La resolución de la peripecia vital y política de la activista saharaui Aminetu Haidar ha sido un éxito del Gobierno por más que haya quien intente dar la impresión contraria. El solo hecho de que Haidar se encuentre en El Aaiún y haya abandonado la huelga de hambre es suficientemente expresivo de que, con los tira y afloja propios de situaciones como la vivida durante un mes, las cosas se han hecho razonablemente bien. Y, de paso, han quedado rebatidas algunas opiniones aventuradas referidas al compromiso de Francia para lograr un desenlace satisfactorio y a la incapacidad de España de gestionar el problema.

Lo que ha sucedido es que Francia y Estados Unidos han echado mano de su influencia en el palacio real de Rabat para desatascar la situación. Algo que a la postre ha sido tan determinante como la discreción de Miguel Angel Moratinos a la hora de mover los hilos sin herir el orgullo marroquí ni dañar las relaciones, necesariamente armoniosas, que España debe mantener con su vecino del sur.

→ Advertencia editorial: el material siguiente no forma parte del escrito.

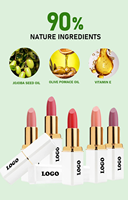Logo personnalisé 24-Color Solid Lipstick Private White Square Tube avec des ingrédients à base de plantes et minéraux Matte Lipsticks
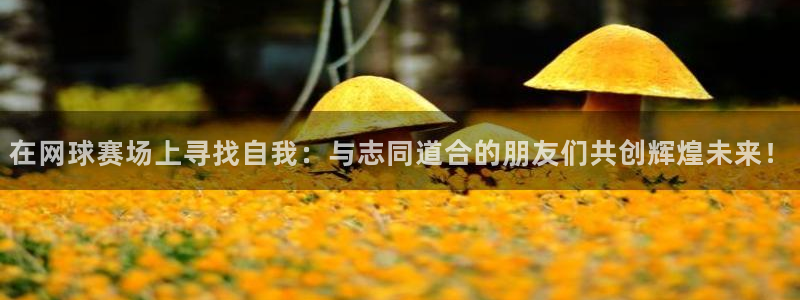 在网球赛场上寻找自我：与志同道合的朋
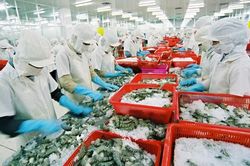 5 tháng đầu năm 2023, xuất khẩu nông lâm thủy sản trên đà phục hồi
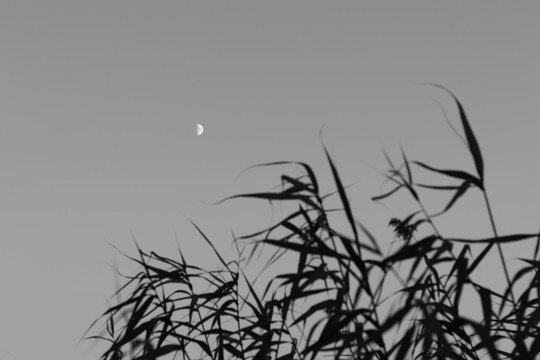 芦苇之夜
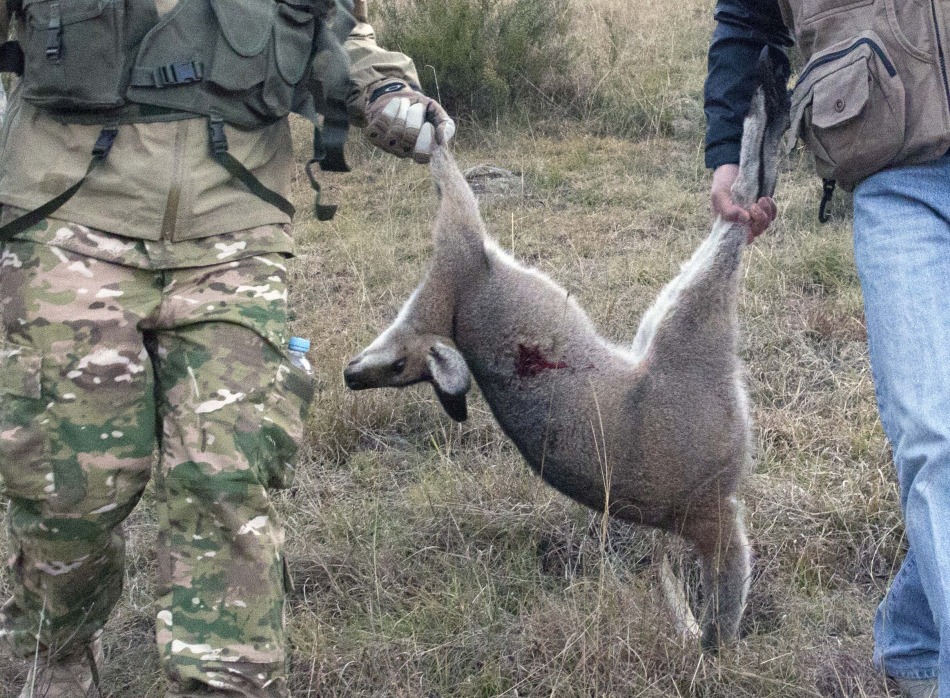 澳洲将猎杀520万只袋鼠用于商业用途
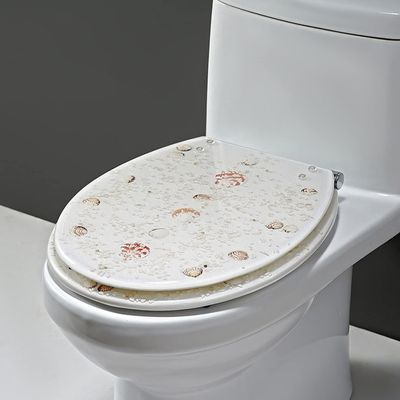Oval Resin Toilet Seat, Soft-Close, Quick-Release, Adjustable Hinges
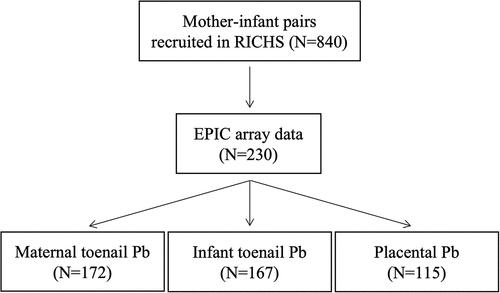 Figure 1. Analysis strategy. RICHS study population comprised of 840 mother–infant pairs with demographic information, and 230 participants had available EPIC array data. Participants with Pb exposure data quantified from different biomarkers are included in this study: maternal toenail (N = 172), infant toenail (N = 167), and placenta (N = 115).x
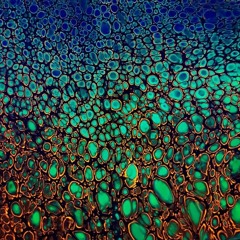 Sinthetic and the Cosmos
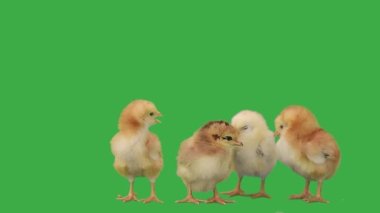 Yeşil ekranda çığlıklar atan yeni doğmuş piliçler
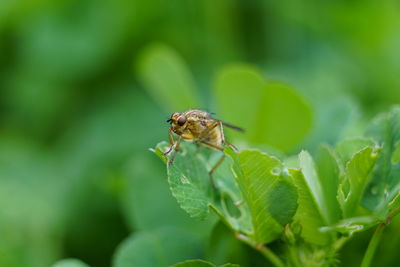 Close-up of fly on leaf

Si alguien creyó que solo era aceptable una solución que entrañara la claudicación de Marruecos, demostró tener un desconocimiento absoluto de los datos esenciales de la crisis planteada. Porque tan cierto es que el contencioso del Sáhara moviliza los espíritus en España como que hace lo propio en Marruecos, pero por razones opuestas. Porque si entre nosotros es mayoritario el apoyo a la autodeterminación saharaui, en Marruecos lo es el convencimiento de que el Sáhara forma parte del reino y la única concesión posible es hacer de aquel territorio una provincia autónoma.